----- Records to use -----

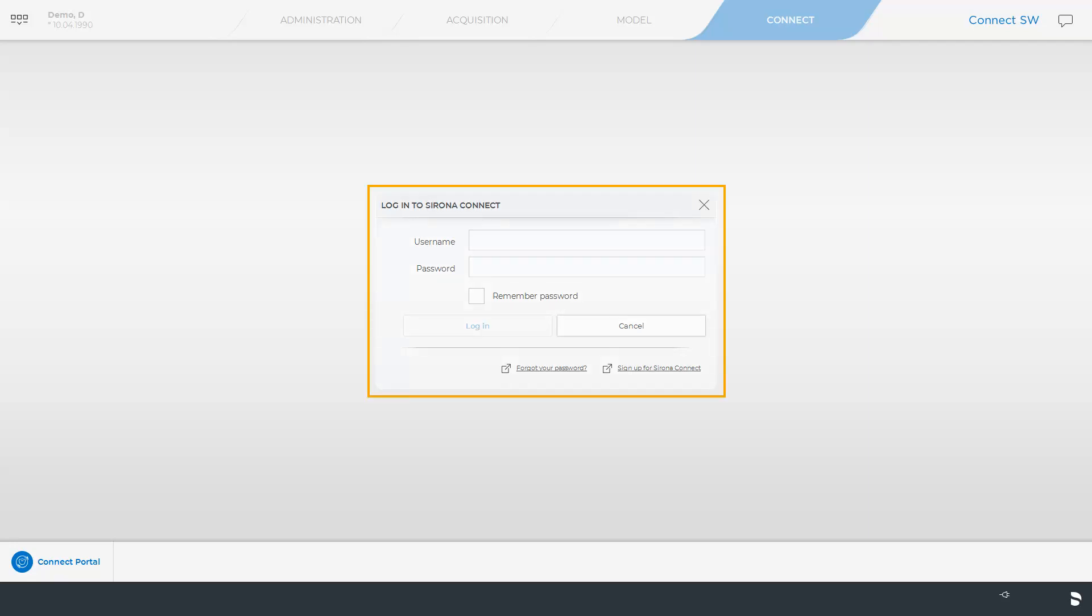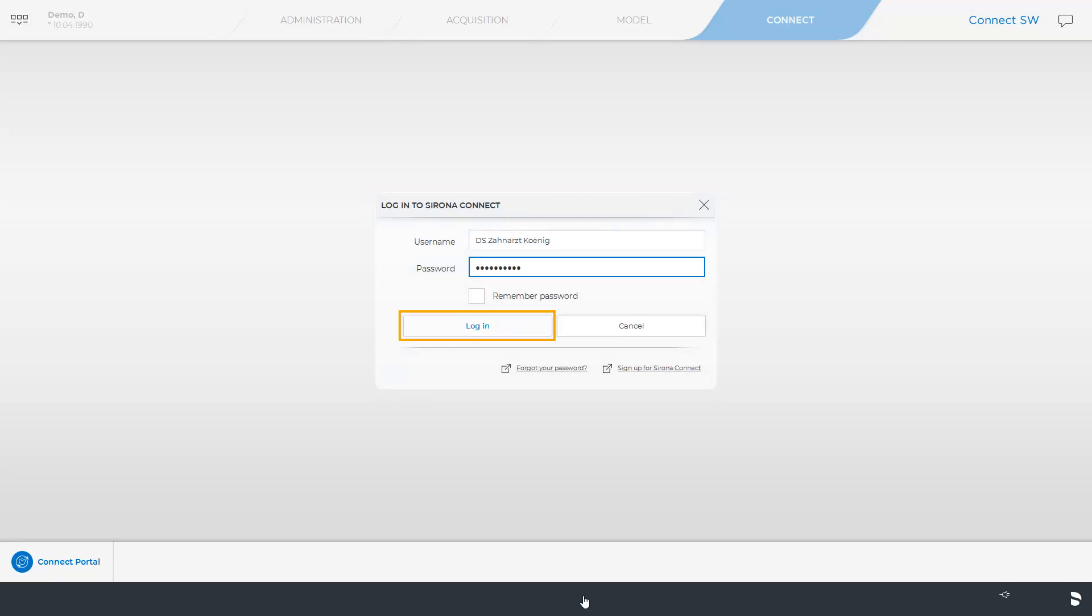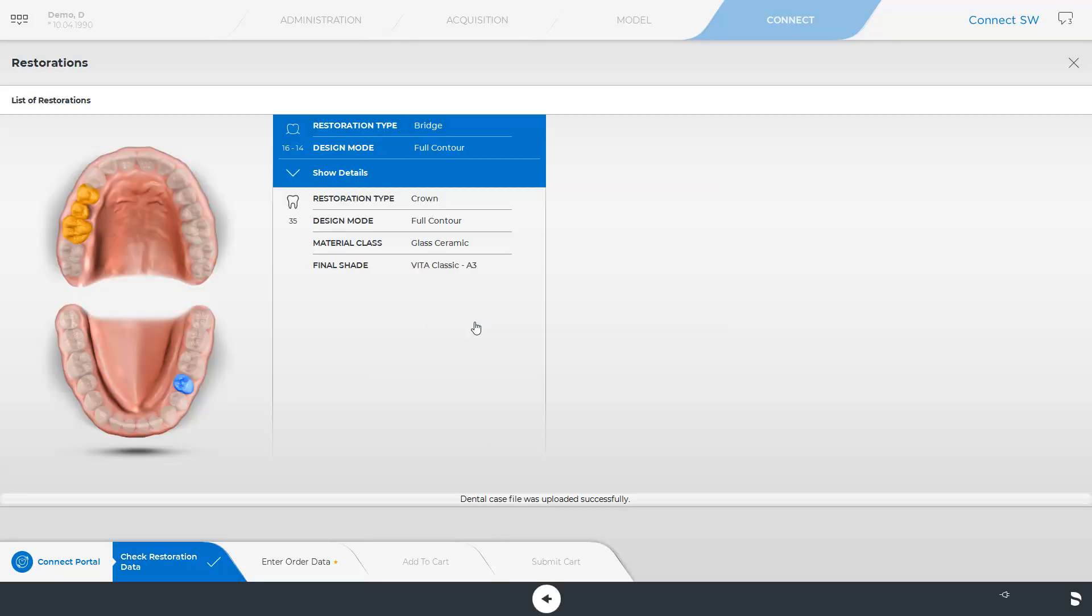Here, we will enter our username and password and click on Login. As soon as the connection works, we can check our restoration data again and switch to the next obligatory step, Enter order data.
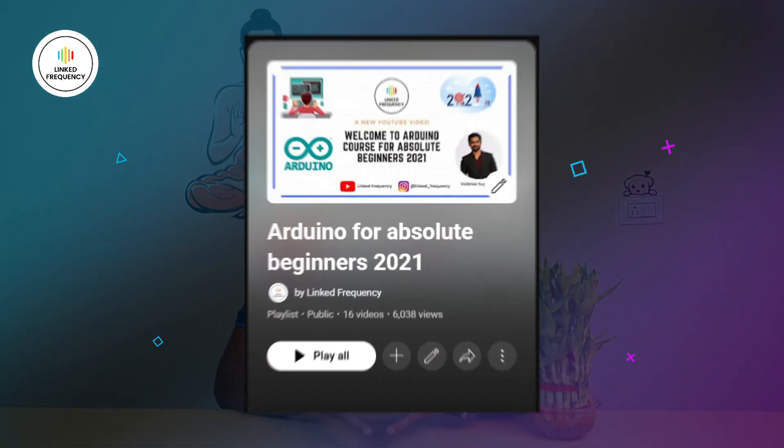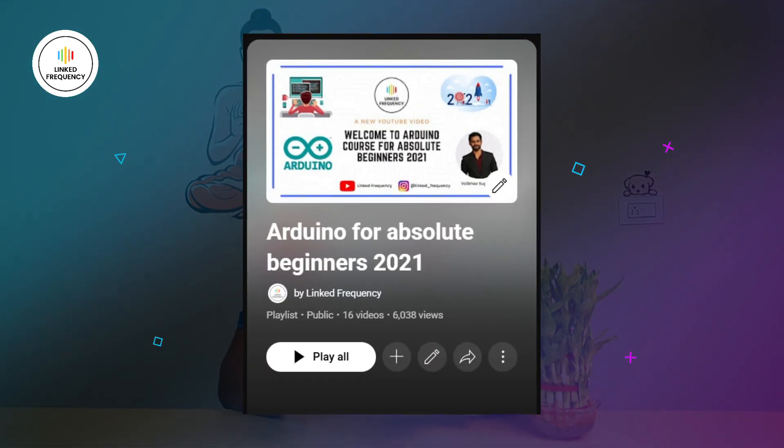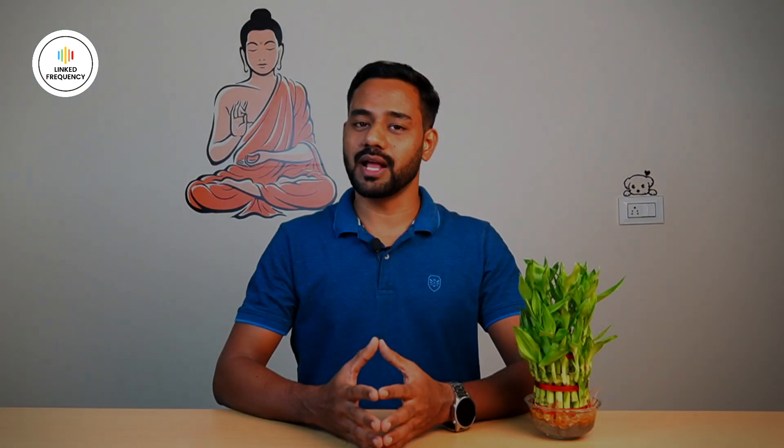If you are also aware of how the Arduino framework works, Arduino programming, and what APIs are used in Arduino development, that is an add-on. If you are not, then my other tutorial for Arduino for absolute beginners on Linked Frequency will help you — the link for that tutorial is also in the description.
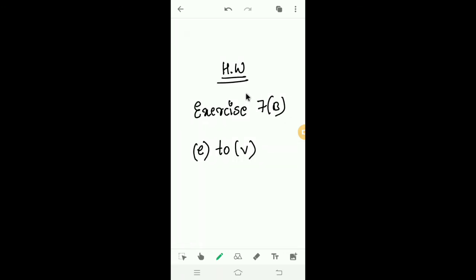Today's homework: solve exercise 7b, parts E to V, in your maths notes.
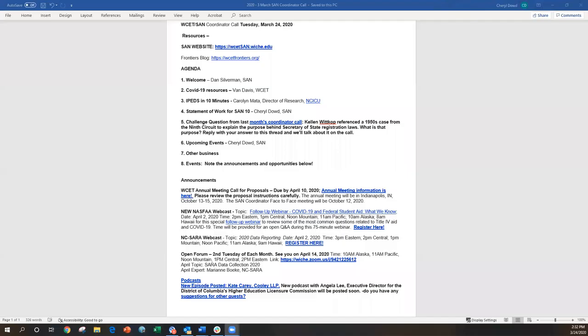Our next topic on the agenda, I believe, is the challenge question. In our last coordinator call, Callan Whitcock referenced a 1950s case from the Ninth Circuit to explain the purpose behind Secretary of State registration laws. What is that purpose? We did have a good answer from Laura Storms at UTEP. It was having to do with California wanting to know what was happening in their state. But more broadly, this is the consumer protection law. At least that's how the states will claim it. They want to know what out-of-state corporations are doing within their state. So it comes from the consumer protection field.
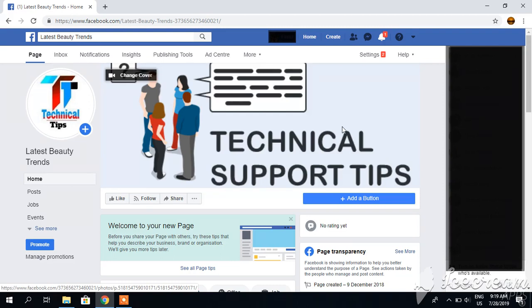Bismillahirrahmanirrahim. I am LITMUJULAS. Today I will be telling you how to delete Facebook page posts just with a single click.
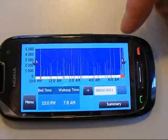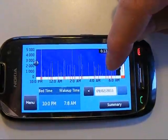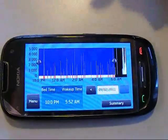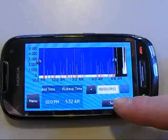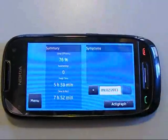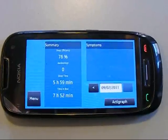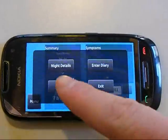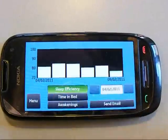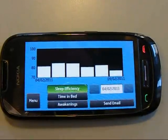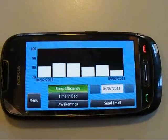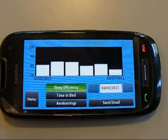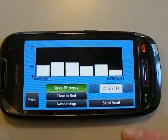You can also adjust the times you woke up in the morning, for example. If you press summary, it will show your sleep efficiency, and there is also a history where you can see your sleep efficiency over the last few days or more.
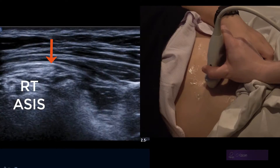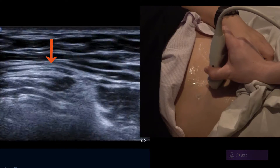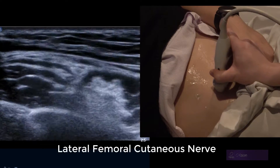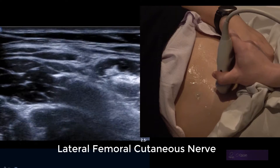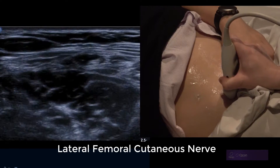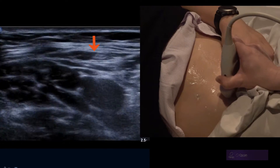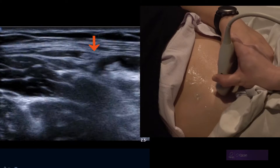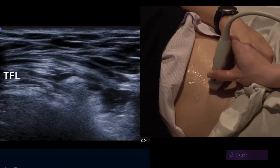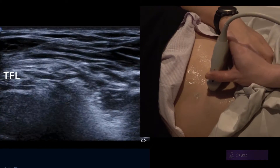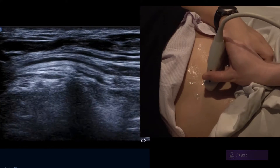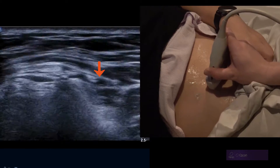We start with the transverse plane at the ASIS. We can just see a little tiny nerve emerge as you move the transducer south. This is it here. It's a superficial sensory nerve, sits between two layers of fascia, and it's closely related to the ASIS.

-----

Pictures stay out; retype only the lines from the line containing "If you are also" through the end of the listing, inclusive, exactly as they appear.

If you are also aware of how the Arduino framework works, Arduino programming, and what APIs are used in Arduino development, that is an add-on. If you are not, then my other tutorial for Arduino for absolute beginners on Linked Frequency will help you — the link for that tutorial is also in the description.
Today's homework: solve exercise 7b, parts E to V, in your maths notes.
Our next topic on the agenda, I believe, is the challenge question. In our last coordinator call, Callan Whitcock referenced a 1950s case from the Ninth Circuit to explain the purpose behind Secretary of State registration laws. What is that purpose? We did have a good answer from Laura Storms at UTEP. It was having to do with California wanting to know what was happening in their state. But more broadly, this is the consumer protection law. At least that's how the states will claim it. They want to know what out-of-state corporations are doing within their state. So it comes from the consumer protection field.
Bismillahirrahmanirrahim. I am LITMUJULAS. Today I will be telling you how to delete Facebook page posts just with a single click.
You can also adjust the times you woke up in the morning, for example. If you press summary, it will show your sleep efficiency, and there is also a history where you can see your sleep efficiency over the last few days or more.
We start with the transverse plane at the ASIS. We can just see a little tiny nerve emerge as you move the transducer south. This is it here. It's a superficial sensory nerve, sits between two layers of fascia, and it's closely related to the ASIS.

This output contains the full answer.